(Collected data)
———

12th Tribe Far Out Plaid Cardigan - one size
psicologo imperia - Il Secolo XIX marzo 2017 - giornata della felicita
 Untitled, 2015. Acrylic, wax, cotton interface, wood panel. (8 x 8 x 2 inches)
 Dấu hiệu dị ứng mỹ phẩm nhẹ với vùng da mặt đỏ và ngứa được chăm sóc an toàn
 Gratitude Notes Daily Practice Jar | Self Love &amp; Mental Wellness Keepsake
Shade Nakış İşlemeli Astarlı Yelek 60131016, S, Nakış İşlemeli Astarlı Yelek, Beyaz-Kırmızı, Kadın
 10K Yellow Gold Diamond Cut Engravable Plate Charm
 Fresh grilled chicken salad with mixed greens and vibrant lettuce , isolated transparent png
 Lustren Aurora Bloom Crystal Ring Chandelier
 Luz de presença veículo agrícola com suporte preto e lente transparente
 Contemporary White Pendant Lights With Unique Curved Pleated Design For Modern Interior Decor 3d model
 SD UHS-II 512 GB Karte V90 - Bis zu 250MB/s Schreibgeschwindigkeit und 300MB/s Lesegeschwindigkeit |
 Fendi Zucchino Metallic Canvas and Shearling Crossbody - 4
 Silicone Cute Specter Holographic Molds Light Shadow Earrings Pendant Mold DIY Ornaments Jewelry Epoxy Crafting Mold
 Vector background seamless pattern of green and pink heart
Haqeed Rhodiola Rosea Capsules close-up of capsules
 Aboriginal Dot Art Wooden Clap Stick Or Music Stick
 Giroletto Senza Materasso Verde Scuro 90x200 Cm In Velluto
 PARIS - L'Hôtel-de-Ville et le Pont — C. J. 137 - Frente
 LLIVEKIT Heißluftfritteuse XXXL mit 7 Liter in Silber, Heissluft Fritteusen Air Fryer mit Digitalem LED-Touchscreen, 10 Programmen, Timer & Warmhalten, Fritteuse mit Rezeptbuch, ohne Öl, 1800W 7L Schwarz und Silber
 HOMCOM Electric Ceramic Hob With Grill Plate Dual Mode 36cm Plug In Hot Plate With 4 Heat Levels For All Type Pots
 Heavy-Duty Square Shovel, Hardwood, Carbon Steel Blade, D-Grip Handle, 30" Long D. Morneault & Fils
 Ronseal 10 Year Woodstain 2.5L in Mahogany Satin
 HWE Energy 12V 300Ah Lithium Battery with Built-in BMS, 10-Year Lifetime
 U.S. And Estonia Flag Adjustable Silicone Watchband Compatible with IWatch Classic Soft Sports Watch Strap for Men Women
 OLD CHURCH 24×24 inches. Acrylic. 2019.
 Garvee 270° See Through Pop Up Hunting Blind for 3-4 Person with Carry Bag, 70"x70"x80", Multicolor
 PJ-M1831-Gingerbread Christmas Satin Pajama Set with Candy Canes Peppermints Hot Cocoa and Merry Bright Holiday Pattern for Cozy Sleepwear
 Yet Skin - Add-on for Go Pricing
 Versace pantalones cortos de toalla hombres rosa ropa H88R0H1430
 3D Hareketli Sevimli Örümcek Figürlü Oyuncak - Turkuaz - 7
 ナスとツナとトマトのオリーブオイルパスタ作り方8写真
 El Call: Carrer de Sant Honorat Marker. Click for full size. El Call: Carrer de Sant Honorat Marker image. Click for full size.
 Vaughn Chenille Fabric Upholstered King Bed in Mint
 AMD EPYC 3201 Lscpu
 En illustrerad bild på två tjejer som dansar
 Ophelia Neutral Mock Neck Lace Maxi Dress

———

Transcribe the records above exactly, beginning at the line that contains "10K Yellow Gold" and ending with the line that contains "Lustren Aurora Bloom Crystal Ring Chandelier", both included, and nothing else.

Written solution =
 10K Yellow Gold Diamond Cut Engravable Plate Charm
 Fresh grilled chicken salad with mixed greens and vibrant lettuce , isolated transparent png
 Lustren Aurora Bloom Crystal Ring Chandelier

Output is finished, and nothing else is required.